Au Québec, Olymel et Exceldor contrôlent 94 % de l’abattage de tout le poulet qui se produit dans la province. Ce qui laisse un maigre 6 % pour les autres.

Ce n’est pas assez et ça brime le développement de la volaille, disent les Éleveurs de volailles du Québec. Le syndicat de producteurs demande à la Régie des marchés agricoles de mettre la hache dans ce mécanisme.

« Ce sont des volumes d’approvisionnement garantis », explique Jean-Philippe Deschênes-Gilbert, directeur des affaires réglementaires aux Éleveurs de volailles du Québec, qui représentent 744 entreprises agricoles. Les producteurs doivent donc assurer ce taux minimum à Exceldor et à Olymel. « Quand ç’a été établi, en 1994, ce n’était pas 94 %, précise M. Deschênes-Gilbert. Mais des petits abattoirs ont fermé et ces géants-là les ont rachetés au fil du temps. »

On se retrouve maintenant avec cette impressionnante proportion. Les producteurs demandent l’abolition des volumes garantis.

« C’est devenu sclérosé. […] Un petit nouveau qui voudrait se développer est limité dans sa croissance. On veut juste un peu plus de souplesse pour créer plus de compétitivité et mieux desservir les marchés. »

— Jean-Philippe Deschênes-Gilbert, directeur des affaires réglementaires aux Éleveurs de volailles du Québec

« Ces abattoirs ont une situation de quasi-monopole et des garanties réglementaires », confirme l’économiste Maurice Doyon, de l’Université Laval, qui connaît bien le dossier pour avoir été appelé en tant qu’expert devant la Régie, à la demande des producteurs. Résultat : « Nos abattoirs l’ont facile, dit-il, et leurs états financiers le démontrent. » L’économiste note que la hausse des marges brutes des abattoirs atteint des sommets historiques. Tant que ce système restera en place, précise Maurice Doyon, ces transformateurs ont intérêt à ne pas augmenter significativement les quantités pour conserver un contrôle sur les prix du poulet. D’autant que dans un contexte de gestion de l’offre, le détaillant ne peut pas se tourner vers de la volaille américaine, puisque les droits de douane freinent son entrée au pays.

innovation

Du point de vue des Éleveurs, en laissant tomber ces minimums garantis, Exceldor et Olymel ne perdraient pas de quantité, car on pourrait poursuivre la croissance et développer certains marchés, notamment du poulet de spécialité, ce que les consommateurs réclament.
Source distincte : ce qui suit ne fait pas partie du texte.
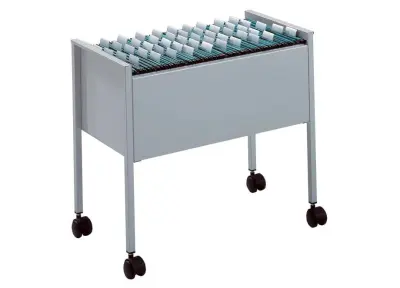 Durable Voziček za viseče mape (3095), siv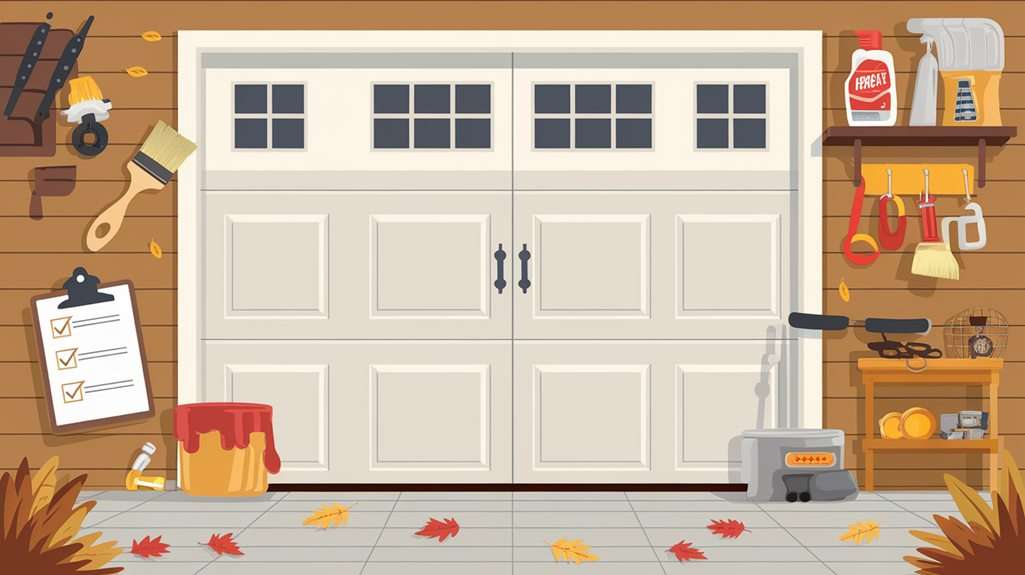 garage door care tips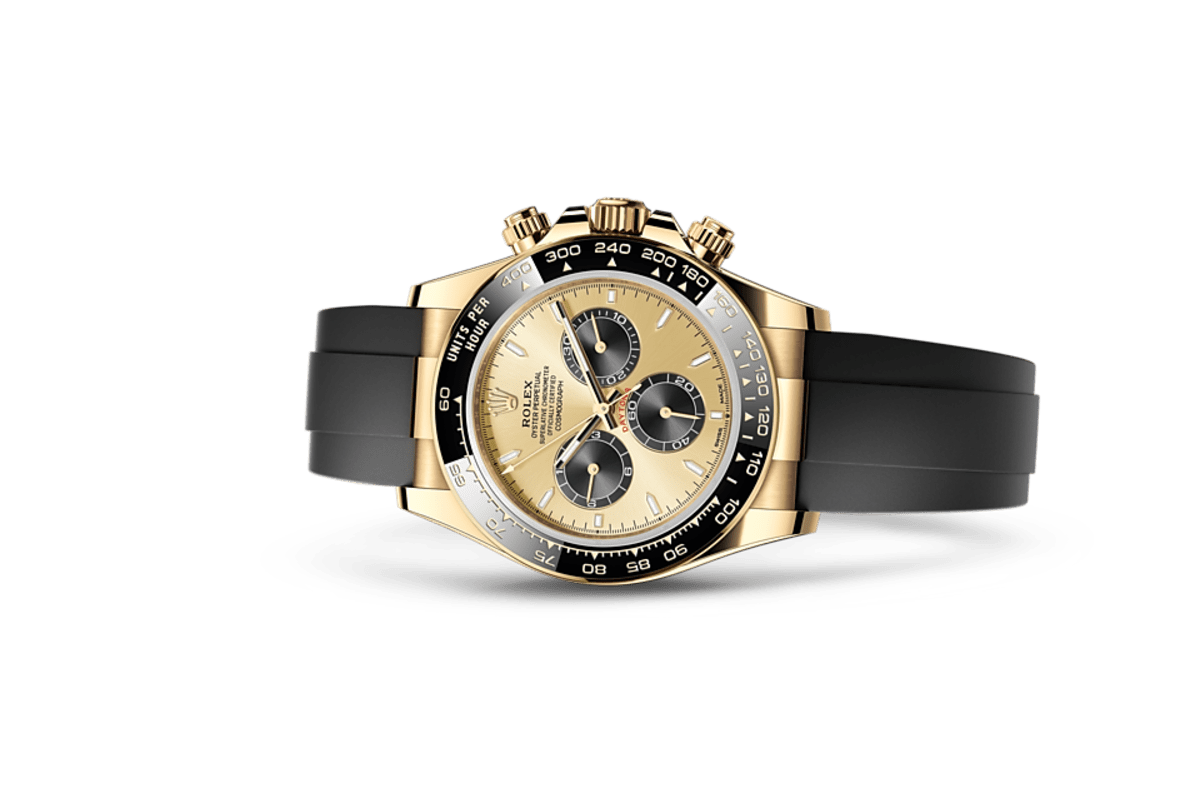 Rolex Cosmograph Daytona in 18 ct yellow gold, M126518LN-0012 - Bucherer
Il y a de la place pour l’innovation, confirme le président des Éleveurs de volailles du Québec, Pierre-Luc Leblanc. « Imaginez un fermier qui ouvre sa boucherie et qui présente son poulet qu’il a nourri d’une certaine façon, élevé d’une certaine façon », rêve-t-il tout haut.

« On pourrait développer des races différentes. Le poulet sasso, par exemple, qui est une race rustique, qui a une croissance plus lente et qui produit un poulet plus brun. Ce n’est pas pour la masse, mais le produit serait là, disponible pour ceux qui veulent goûter quelque chose de différent. »

— Pierre-Luc Leblanc

Selon Jean-Philippe Deschênes-Gilbert, il y aura toujours beaucoup de demande pour les ailes et les cuisses traditionnelles, mais plus de souplesse favoriserait plus d’innovation avicole. « C’est la tarte qui grossirait », illustre-t-il.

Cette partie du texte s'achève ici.